De eerste luchtaanval was in de nacht van 18 op 19 november 1943. Berlijn werd aangevallen door 440 Avro Lancasters en vier de Havilland Mosquito's. De stad lag onder de wolken en de ravage was niet groot. De tweede grote luchtaanval was in de nacht van 22 op 23 november 1943. Dit was de meest doeltreffende luchtaanval van de RAF op Berlijn. De aanval veroorzaakte veel schade in het regeringscentrum, ten westen van het centrum, Tiergarten en Charlottenburg, Schöneberg en Spandau. Vanwege het droge weer, ontstonden verschillende vuurstormen. De Kaiser Wilhelm Gedächtniskirche werd verwoest. Verschillende andere gebouwen werden of beschadigd of verwoest, inclusief de ambassades van Groot Brittannië, Frankrijk, Italië en Japan, verder het plein Charlottenburg en de Berlijnse dierentuin, alsmede diverse ministeries. Deze aanvallen veroorzaakten een enorme verwoesting en verlies aan mensenlevens in Berlijn. De luchtaanval van 22 november 1943 doodde 2000 inwoners en raakten 175.000 mensen dakloos.
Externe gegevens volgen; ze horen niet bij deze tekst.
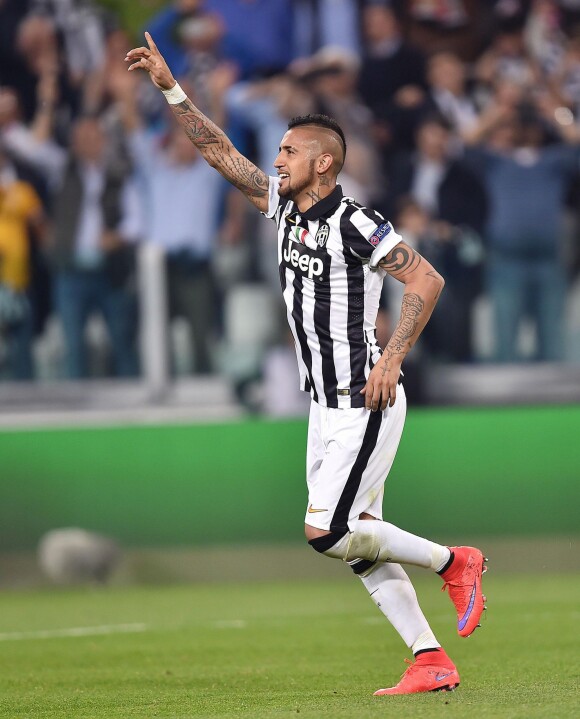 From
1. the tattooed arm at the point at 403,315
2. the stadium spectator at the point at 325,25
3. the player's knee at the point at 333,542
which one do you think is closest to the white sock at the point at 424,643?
the player's knee at the point at 333,542

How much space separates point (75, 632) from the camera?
834 centimetres

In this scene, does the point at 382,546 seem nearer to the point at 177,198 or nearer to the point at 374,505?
the point at 374,505

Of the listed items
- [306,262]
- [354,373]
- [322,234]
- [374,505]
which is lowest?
[374,505]

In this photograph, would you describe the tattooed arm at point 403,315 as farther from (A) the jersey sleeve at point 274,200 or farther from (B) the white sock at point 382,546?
(A) the jersey sleeve at point 274,200

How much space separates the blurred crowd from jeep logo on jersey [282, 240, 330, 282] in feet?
23.9

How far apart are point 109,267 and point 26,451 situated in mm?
2160

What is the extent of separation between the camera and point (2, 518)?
1166 cm

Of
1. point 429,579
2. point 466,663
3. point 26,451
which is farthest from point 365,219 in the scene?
point 26,451

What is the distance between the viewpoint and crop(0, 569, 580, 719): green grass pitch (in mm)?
5102

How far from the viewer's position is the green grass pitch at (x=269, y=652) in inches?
201

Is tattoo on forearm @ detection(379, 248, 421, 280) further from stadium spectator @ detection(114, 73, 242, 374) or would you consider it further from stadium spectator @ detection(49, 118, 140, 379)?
stadium spectator @ detection(49, 118, 140, 379)

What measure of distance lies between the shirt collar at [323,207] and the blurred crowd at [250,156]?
7352 millimetres

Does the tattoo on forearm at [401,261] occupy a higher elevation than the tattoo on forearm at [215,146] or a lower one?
lower

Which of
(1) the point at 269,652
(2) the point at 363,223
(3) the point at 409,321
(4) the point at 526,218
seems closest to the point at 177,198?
(4) the point at 526,218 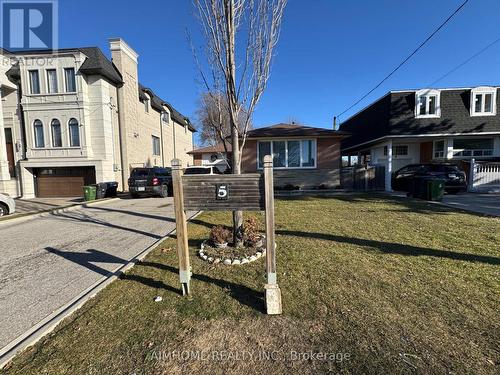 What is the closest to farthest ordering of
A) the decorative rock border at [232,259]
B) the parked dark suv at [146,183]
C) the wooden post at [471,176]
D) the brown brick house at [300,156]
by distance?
the decorative rock border at [232,259] < the parked dark suv at [146,183] < the wooden post at [471,176] < the brown brick house at [300,156]

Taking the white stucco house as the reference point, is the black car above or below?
below

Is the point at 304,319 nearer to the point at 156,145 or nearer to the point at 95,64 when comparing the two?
the point at 95,64

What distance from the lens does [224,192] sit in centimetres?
337

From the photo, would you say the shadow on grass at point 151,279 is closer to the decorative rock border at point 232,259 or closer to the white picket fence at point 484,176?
the decorative rock border at point 232,259

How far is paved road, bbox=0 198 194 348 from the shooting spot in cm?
329

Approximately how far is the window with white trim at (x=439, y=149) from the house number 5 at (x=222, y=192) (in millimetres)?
20157

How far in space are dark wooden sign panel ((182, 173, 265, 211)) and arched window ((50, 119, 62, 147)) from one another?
708 inches

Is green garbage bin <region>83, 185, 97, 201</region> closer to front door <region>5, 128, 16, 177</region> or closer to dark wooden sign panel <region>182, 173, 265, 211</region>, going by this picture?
front door <region>5, 128, 16, 177</region>

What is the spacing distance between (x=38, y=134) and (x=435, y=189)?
916 inches

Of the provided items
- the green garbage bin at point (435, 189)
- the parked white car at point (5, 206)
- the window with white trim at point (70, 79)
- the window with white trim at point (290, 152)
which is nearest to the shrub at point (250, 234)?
the green garbage bin at point (435, 189)

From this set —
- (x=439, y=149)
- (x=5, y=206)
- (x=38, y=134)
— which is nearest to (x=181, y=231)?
(x=5, y=206)

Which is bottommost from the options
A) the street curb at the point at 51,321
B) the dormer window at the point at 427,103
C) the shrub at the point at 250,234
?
the street curb at the point at 51,321

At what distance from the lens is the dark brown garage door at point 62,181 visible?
17.1 m

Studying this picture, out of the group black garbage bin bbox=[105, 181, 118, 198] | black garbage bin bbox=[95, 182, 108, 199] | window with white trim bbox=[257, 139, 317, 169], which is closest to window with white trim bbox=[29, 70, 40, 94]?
black garbage bin bbox=[105, 181, 118, 198]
De volgende nacht werden 1000 mensen gedood en raakten 100.000 inwoners dakloos.
Koen verbleef samen met zijn Rotterdamse vriend elektrotechnicus Johannes Adrianus "Jan" van Toorn (*1914) in een huis in het genoemde district in Berlijn. Op de avond van 23 november 1943 werd hun huis door een zware brisantbom getroffen, raakte in brand en stortte in. De reddingsploeg kon de morgen erna geen overlevenden meer in de schuilkelder van het huis vinden en aangenomen werd dat iedereen was omgekomen. Enkele dagen later was daarover zekerheid toen er papieren en een portefeuille van Koen in die kelder werden gevonden.
Zijn ouders kregen op 31 december 1943 bericht van zijn overlijden, terwijl zij bezig waren met oliebollen bakken. Dat hebben zij daarna ook nooit meer gedaan, evenals de vlag buiten hangen bij feestelijkheden. De moeder van Koen heeft altijd hoop gehad dat hij nog zou terugkeren. Koen's spullen die thuis achter een gordijn waren opgeslagen, mochten om die reden nooit aangeroerd worden.
H. Kuipers, C.P. Tas en A. v.d. Gaag, drie vrienden van Koen en Jan, stuurden de beide ouders van de omgekomenen op 12 december 1943 een brief met de toedracht van het ongeluk. De eerste twee mannen woonden op Uhlandstrasse 116/117 in Berlijn-Wilmersdorf en de laatste op Busschallee 18II in Berlin-Weissensee. Wat er met hen uiteindelijk is gebeurd, is onbekend.